- _WHAT YOU SHOULD DO_
Leave out every picture and set down, exactly, the lines below from the one holding "Meet your Posher, Isabel" up to and including the one holding "House for sale in Ancaster, Ontario".

- _EXERCISE MATERIAL_
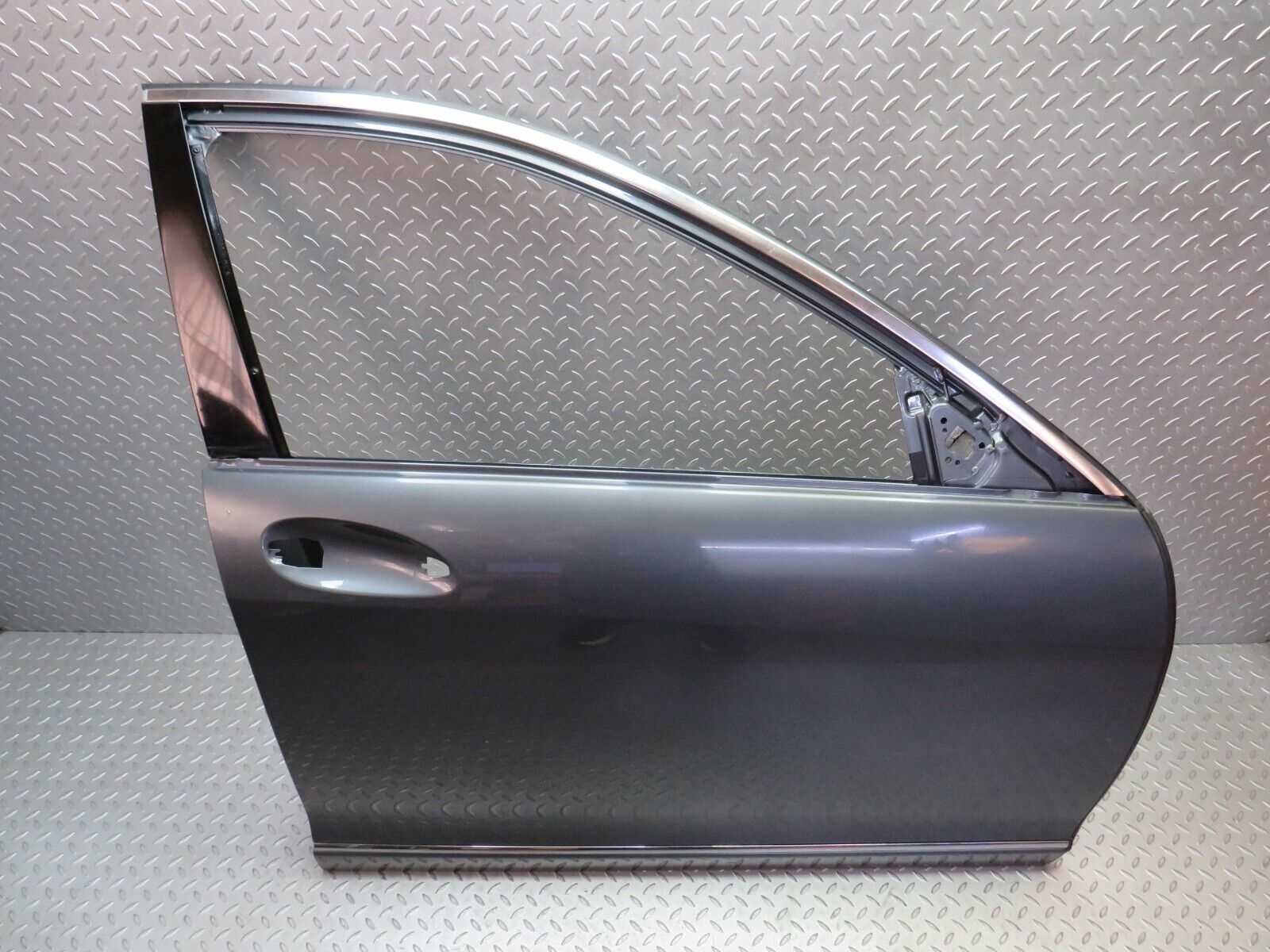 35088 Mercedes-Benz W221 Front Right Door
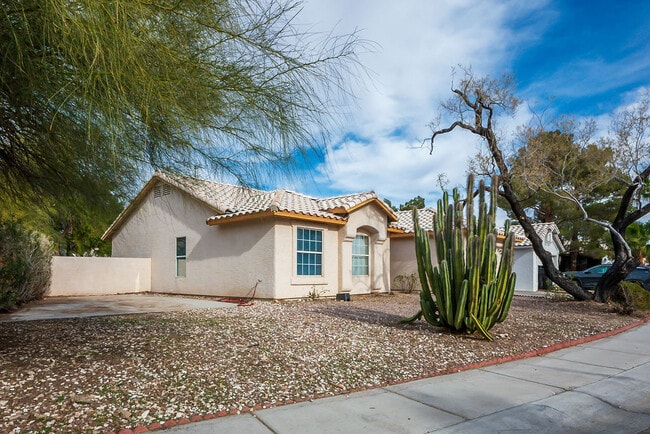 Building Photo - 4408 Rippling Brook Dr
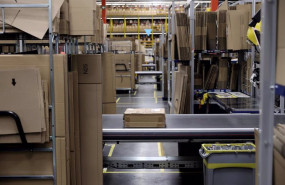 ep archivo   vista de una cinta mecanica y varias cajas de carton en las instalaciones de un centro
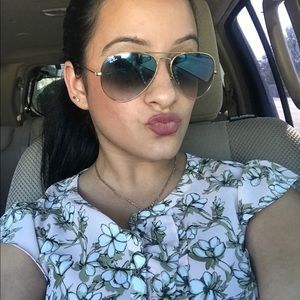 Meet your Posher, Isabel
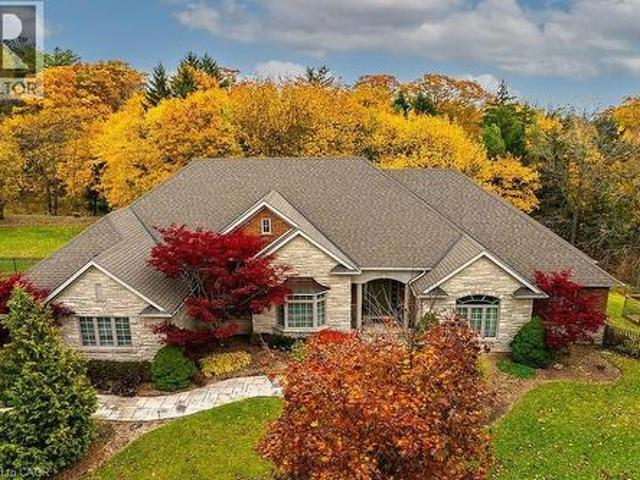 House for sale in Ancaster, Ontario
* * *
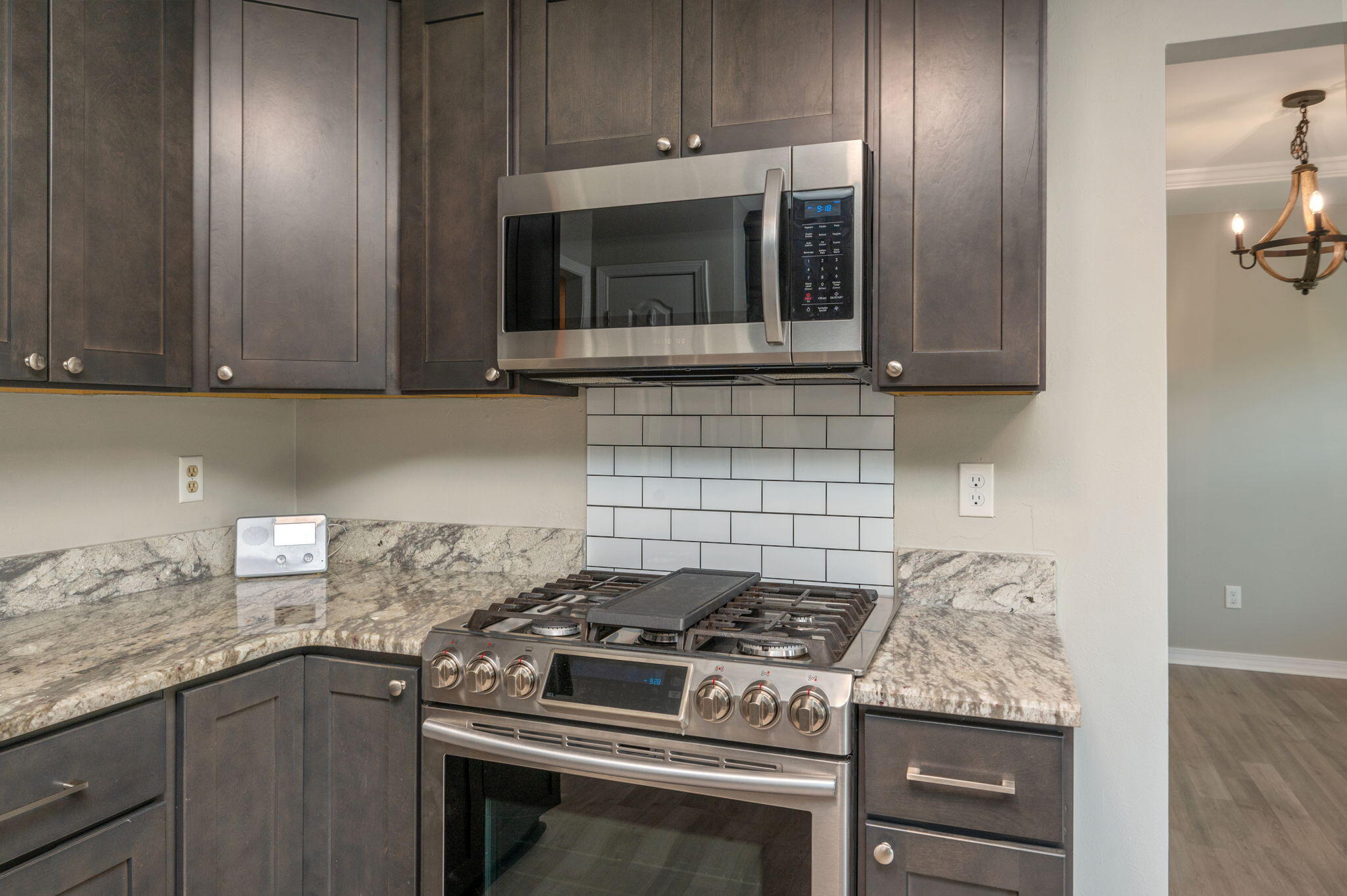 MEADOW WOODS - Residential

- _RESPONSE_
 Meet your Posher, Isabel
 House for sale in Ancaster, Ontario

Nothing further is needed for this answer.